- In this prelab you will setup the Intel Pin tool to run on your system and use it to collect memory access traces from several programs.
- Open a shell, go into your local git repo, and do a “git pull“ to make sure you have the latest feedback from the TAs.
- Create the folder Labs/Lab14 in your regular lab folder.
Getting started with Intel Pin
In this lab, we will be using the Intel Pin tool. Pin is a powerful tool for dynamic program analysis. We will be using it to instrument a running executable so that we can record each and every memory access the program makes. Pin works similarly to how a Virtual Machine might use just-in-time compilation to generate machine code at execution time. A bunch of really smart folks applied the same concept to essentially re-compile any binary executable at runtime to add instrumentation instructions.
Pin is already installed on the lab computers (do not try to use the mips machine for this lab!), so there is no need to download the executable files. To make Pin work, we will be using two environment variables. If you use bash, the commands below will set up the environment for your current running shell:
You would have to type these lines manually every time you opened another shell to work with Pin. If you prefer to have these lines execute automatically, every time you open a new shell, there is a simple alternative.
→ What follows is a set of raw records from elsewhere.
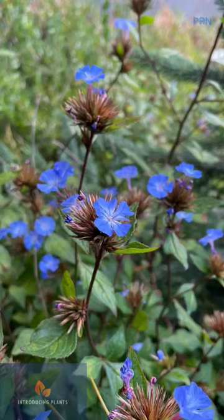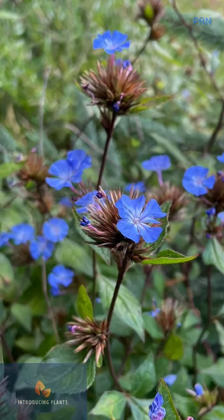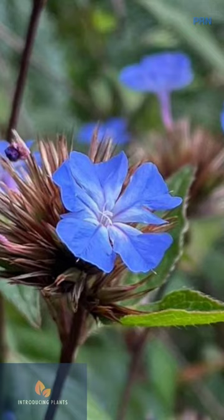This is Ceratostigma wilmotianum, or Chinese Plumbago. It is native to Western China. It grows to 1 meter in height with pearl blue plumbago-like flowers. I found this flower when I visited Botanical Garden Birmingham a few months back.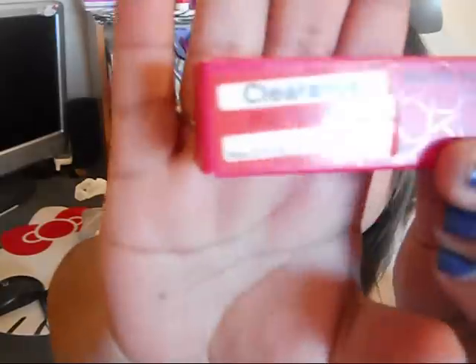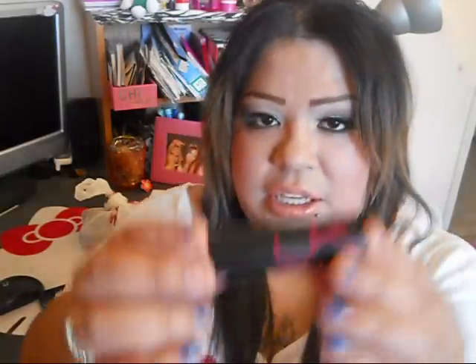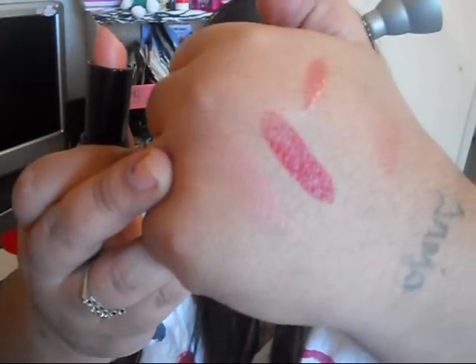Then I found this one called A List — only 50% off, so it was eight dollars from sixteen. It's a nude color, gorgeous. After swatching it and seeing the color, it's definitely worth eight dollars.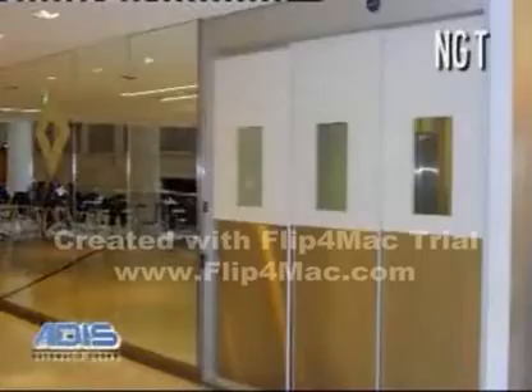The NG-T automatic telescopic sliding door has two doors that open in the same direction. This allows for larger doorway openings where there's limited space.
Just this one time, you can run the lines below to modify your .bashrc file (optional):
echo "export PIN_ROOT=~cs206/bin/pin
export PIN_TOOL=~cs206/bin/pin/source/tools/ManualExamples/obj-intel64/dinero.so" >> ~/.bashrc
After this, you can use Pin to instrument the ls command with the line:
$PIN_ROOT/pin.sh -t $PIN_TOOL -o mytrace.out -- ls
Here’s how you understand this line:
- $PIN_ROOT/pin.sh is the path to the executable bash script which actually runs pin. This script is necessary to select the proper tools and libraries for your environment. You can even cat the .sh to see what it’s doing with your library paths.
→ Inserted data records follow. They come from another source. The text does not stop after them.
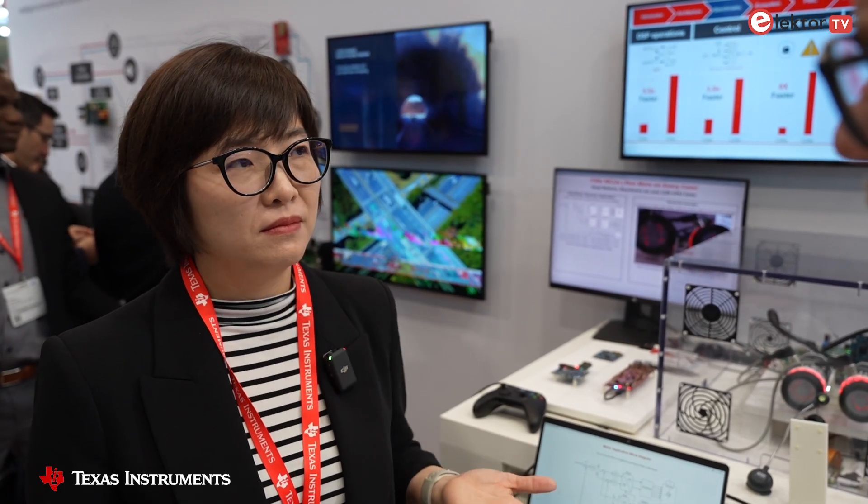Both of these markets also have functional safety requirements. What have you done with this family to help engineers meet those standards? This device provides a lockstep core capability. We have three CPU cores in the superset of the device, and two of them can be locked up. We also have built-in error checking and many hardware features. It's a ground-up design for the latest automotive and industrial safety standards, with integrity levels up to ASIL-D and SIL-3.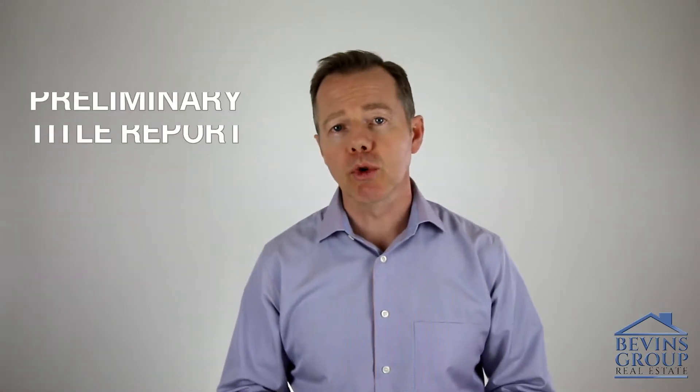Now the title company is going to order a preliminary title report to help identify any possible title defects, liens, judgments, or other matters of record.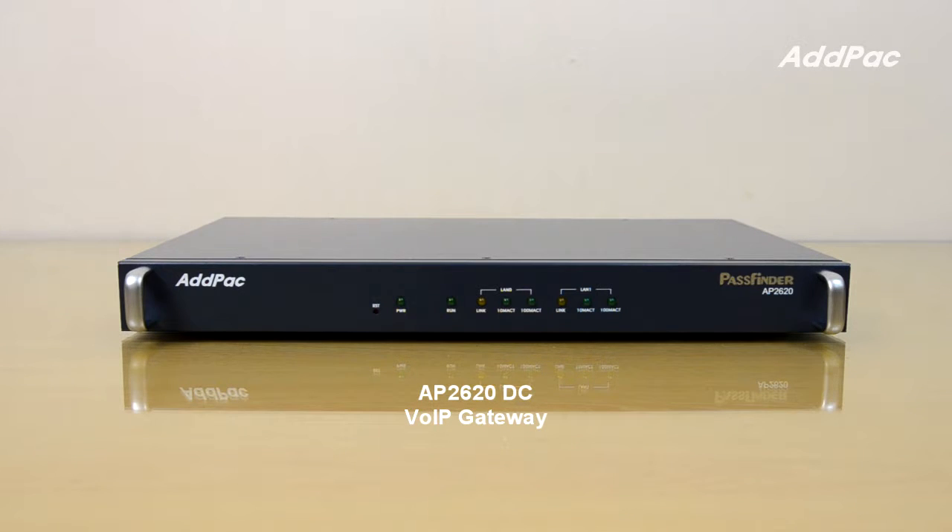The AP2620 DC supports high quality voice codecs such as G.726 and G.711. It concurrently supports H.323 and SIP. The AP2620 DC also supports a firmware upgradable architecture using FTP and TFTP protocols.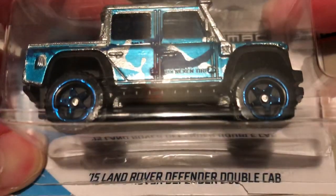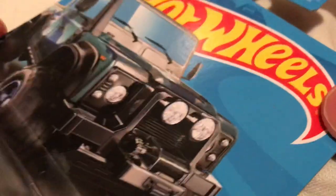Hey YouTube, it's me Julian. Here's the 2015 Land Rover Defender double cab Zaymac number four, Walmart exclusive for 2018.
- Bash scripting is itself whole other thing: anything (or things) you can type into the command line (in a bash shell/terminal) can be placed into a shell script (like pin.sh) for repeated execution later. It’s basically functional abstraction for anything you do manually on the command line. Read about it all here.
- The pin executable handles instrumenting the target program. This data is linked to a “tool” that extracts the meaningful information. We specify the pin tool to use with the -t $PIN_TOOL part. In our case we set up $PIN_TOOL previously to point to our special dinero pin tool.
- The -o mytrace.out part tells the dinero Pin tool the name of a file in which to store it’s output. When you don’t specify anything, it uses the default file name dinerotrace.out; here, we are telling it to use a file called mytrace.out. Later in the lab you can use this option to save different traces with a unique filename.
- Finally, after the — (double hyphen) comes the program to instrument and run. In this case, we ask Pin to analyze the ls program. This will produce a directory listing, as ls always does, but it will take longer than usual because Pin is doing a lot of work behind the scenes to instrument the executable with instructions to collect every address reference made and then to save them all to the output file you named. After ls exits, you will see that the trace file you specified has been created.
Take a look at the trace file now:
$ head mytrace.out
W 0x7fffc0b83868 8
W 0x7fffc0b83860 8
W 0x7fffc0b83858 8
W 0x7fffc0b83850 8
W 0x7fffc0b83848 8
W 0x7fffc0b83840 8
W 0x7fffc0b83838 8
R 0x3cf5a1fb80 8
W 0x3cf5a1fd48 8
R 0x3cf5a1ffc8 8
The trace format is a simple ASCII text file where the first letter is either a R or W, for read or write. Then a memory address (can you identify which segments are being used?). The last number is the number of bytes read or written. Your file may not match the output above exactly because some of the libraries are dynamically linked and may have different addresses in memory.
You can now use Pin to generate memory access traces for just about every program on the system. The readme file has a few restrictions–most notably Google Chrome will not work properly. Also note that the memory trace for our simple ls command was 3.2 MB. If you trace a program that generates a lot of memory accesses or runs for a substantial amount of time, the trace file will be very large and very likely exceed your disk quota.
Use pin to generate traces for ls, pwd, and wc alice.txt. (link to alice.txt)(use wget to retrieve it from the web through the terminal). Name the output files: ls.out, pwd.out, and wc.out. Add each file to your git repo (although these files are large, git stores data in compressed form).
- 25 points – ls.out, pwd.out and wc.out added to git repo (25/3 points each).